After 30,000 tickets, speed cameras attract backlash from drivers who call them a “ cash grab ”


Snellville Police said they sent more than 30,000 tickets since six-speed cameras were installed in school zones.

While some drivers say they are necessary, others say it’s all about the money.

Jason Bramlett said opening the mailbox and searching for a speeding ticket has become something of a routine.

“Every day we’ll come home and we’ll be like, hey, have another one,” Bramlett said. “This is a complete and utter seizure of the town of Snellville.”

He said he had received two tickets and a warning about speeding in the city. Bramlett thinks it’s not a matter of security, but of using technology to profit.

“Think about the amount of money they make on each ticket,” Bramlett said. “They wrote 30,000 tickets in three months? This is ridiculous.”

Snellville Police Lt. Zachary Sphar said cameras were activated near all three schools an hour before the morning bell until an hour after the dismissal bell.

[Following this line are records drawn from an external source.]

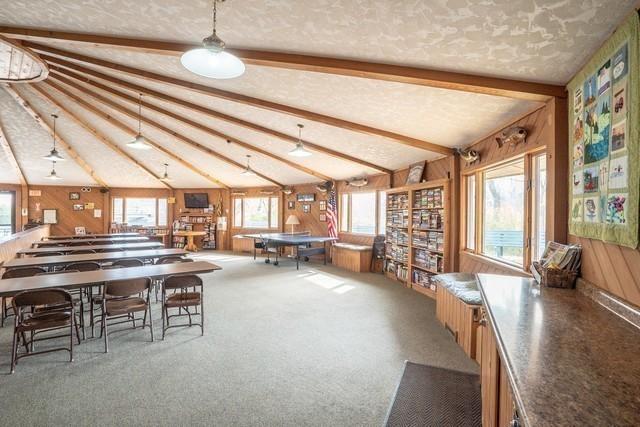 unfurnished dining area with carpet, vaulted ceiling with beams, wooden walls, and a textured ceiling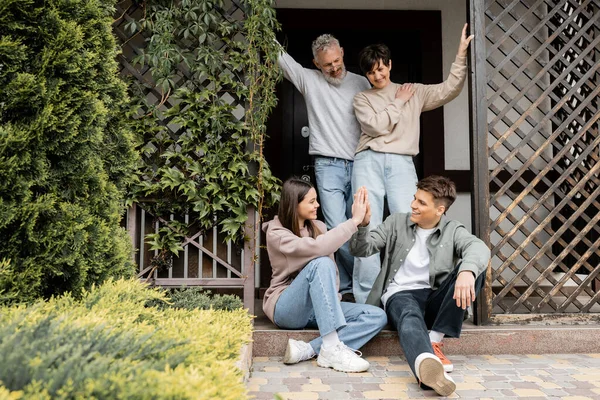 Positive middle aged parents looking at children giving high five and standing on porch of house during parents day celebration in june, family traditions and celebrations concept, special occasion — Stock Photo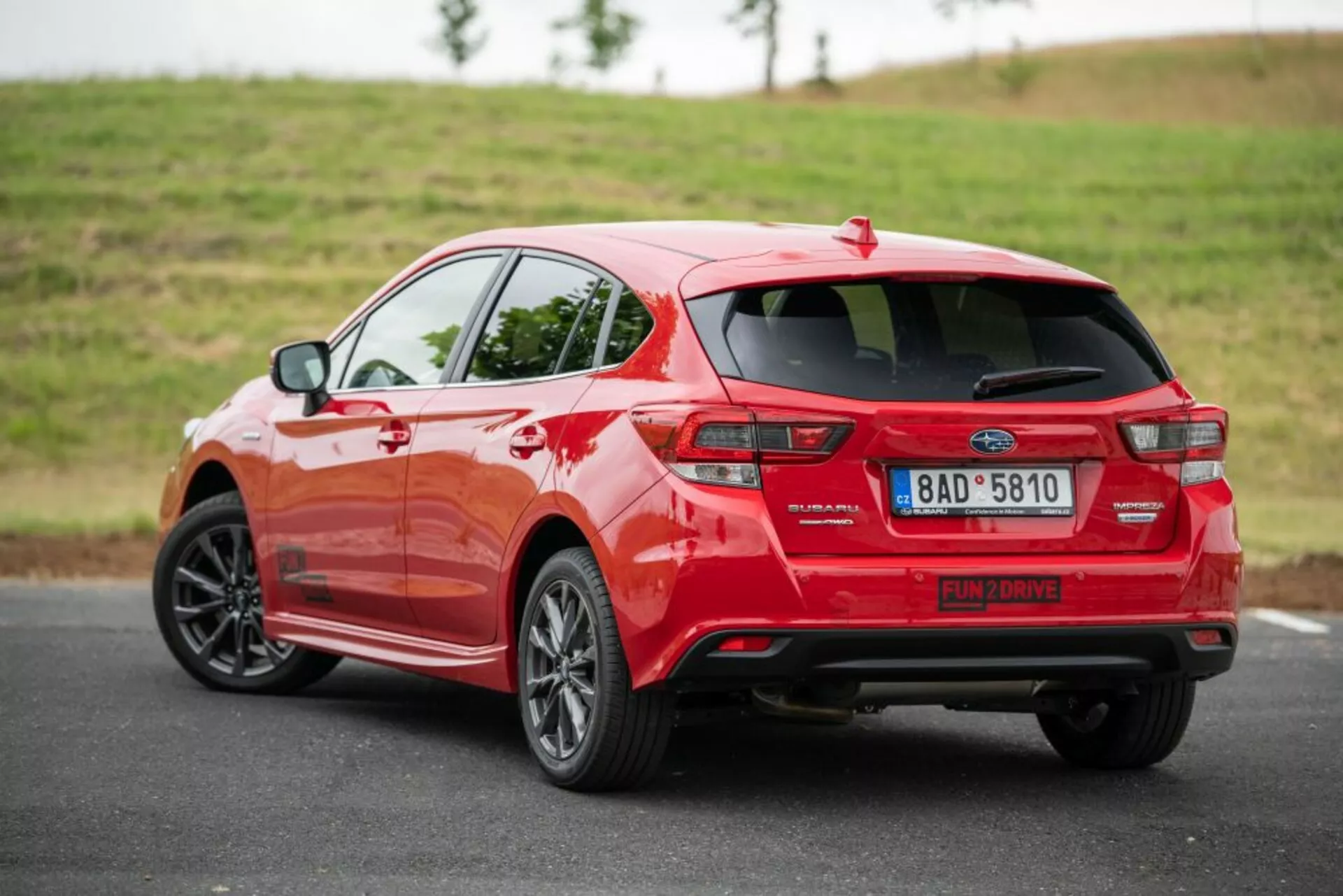 Hatchback rouge Subaru Impreza 2018 vu depuis un angle arrière trois-quarts mettant en évidence son profil latéral, le design distinctif des feux arrière, le système d'échappement, le spoiler et les jantes en alliage sur une route en asphalte avec un arrière-plan gazonné dans une lumière douce et couverte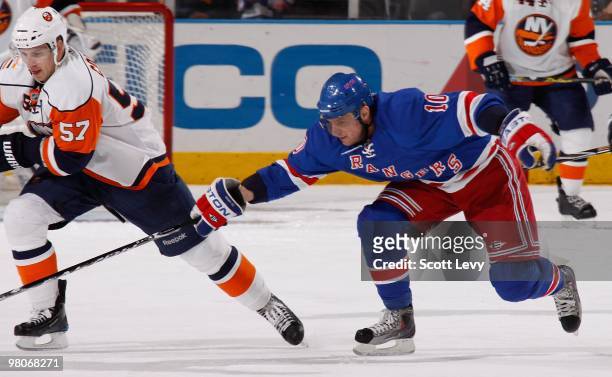 Marian Gaborik of the New York Rangers reaches for the puck against Blake Comeau of the New York Islanders on March 24, 2010 at Madison Square Garden...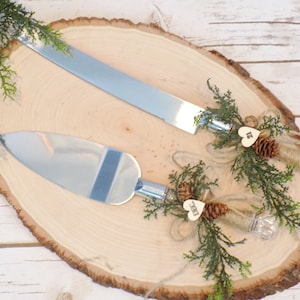 May include: A set of two silver cake knives with wooden handles decorated with pine cones, greenery, and twine. The handles are adorned with small wooden hearts that say "Mr." and "Mrs."
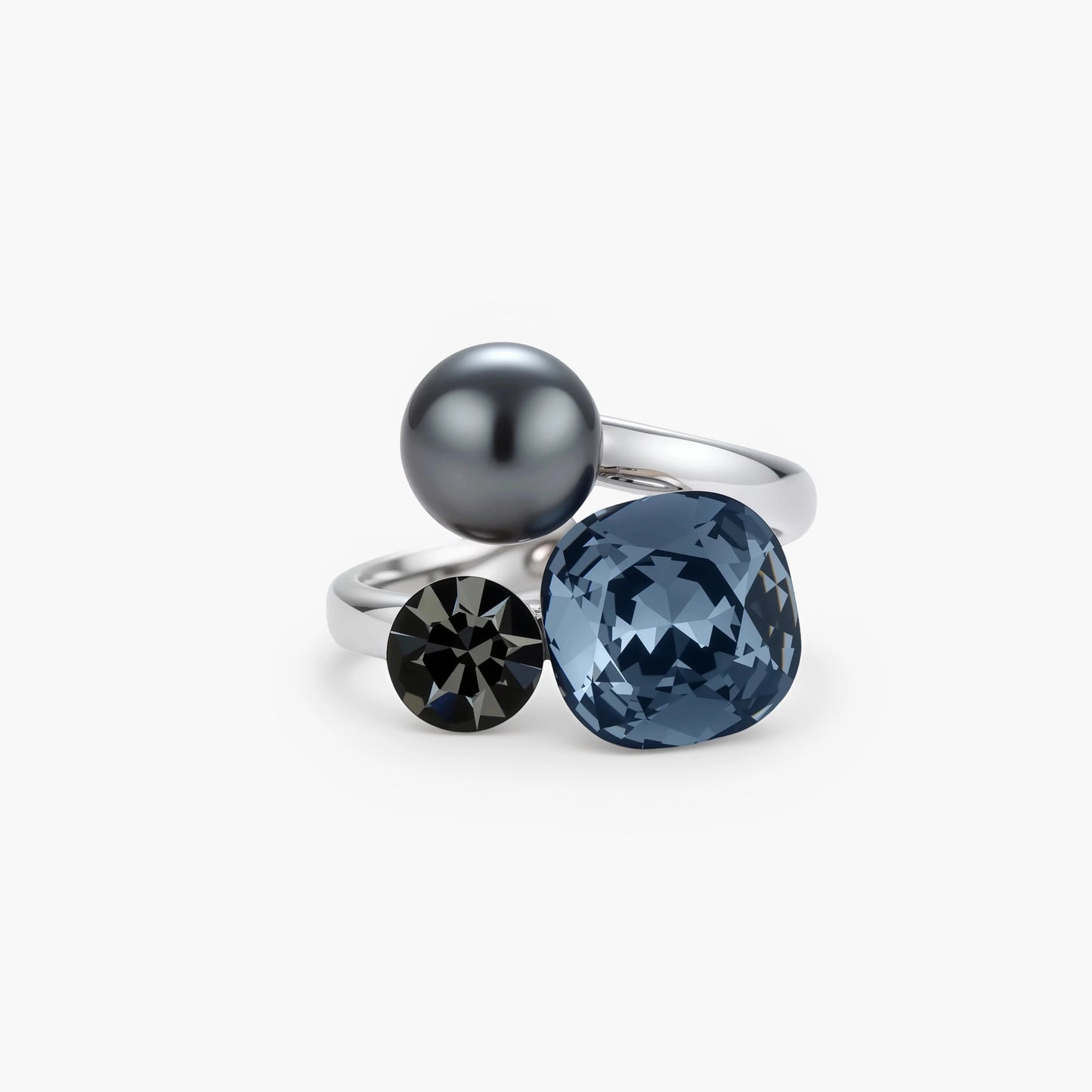 Adjustable ring with blue cushion-cut zirconia, gray pearl, and dark crystal on platinum-plated copper band against beige background.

Under Georgia state law, cameras can only coerce drivers for exceeding the speed limit by more than 18 km.

The cameras are located across from South Gwinnett High School on Main Street, across from Snellville Middle School on Pate Road and across from Britt Elementary School on Skyland Drive.

“The point is to get voluntary compliance because we are trying to keep the kids in high school safe,” Lt Sphar said. “The goal is public safety. I know people say it’s a drain on money, but it’s not. It’s about making people slow down.”

“It’s very sneaky because I drive there at least two or three times a day,” said Bramlett. “There is a small sign that points to the cameras.”

On the other hand, Woodrow Gaines, a Snellville resident, who also runs a safe driving course for teenagers, thinks the camera is a good way to get people to slow down.

“They don’t care,” Gaines said. “Someone’s life depends on our being aware of what we are doing when we are behind the wheel.”

Police began using the cameras in February, which began with a 30-day grace period during which they sent out warnings. Now, drivers will receive an $ 80 ticket for their first offense, and a $ 130 ticket each time thereafter.

Lt. Sphar said the cameras seem to be making a difference. In March, he said they sent out around 14,000 tickets. In April, they sent 7,000.

He also pointed out that although they have issued around 30,000 tickets since they started using them, they have also thrown away another 31,000.

Sphar said the main reason they are fired is because of false triggers when drivers are not breaking the law. He also said that if the camera captures a car accelerating more than once in a certain amount of time, the police will still only show once who the car is registered to.

First, an employee of the camera company, RedSpeed ​​International, reviews the footage, Sphar said. Then it is sent to the ministry for further review, he said. Included with the ticket in the mail is a link allowing the driver to view the video footage himself.

Sphar said 65% of the money they received from tickets went to the police department. The rest goes to RedSpeed, which owns and maintains the cameras.

He said that despite criticism, he believes the cameras are serving their purpose.

“They say the cameras are there and it’s having the desired effect of slowing people down,” Sphar said.

Bramlett thinks, at the very least, that the sign may be larger to warn drivers.

“I think if it’s really a safety issue, they should put up bigger signage and more lights so people know,” Bramlett said. “The reason they haven’t done it is to look at the number of tickets they write.”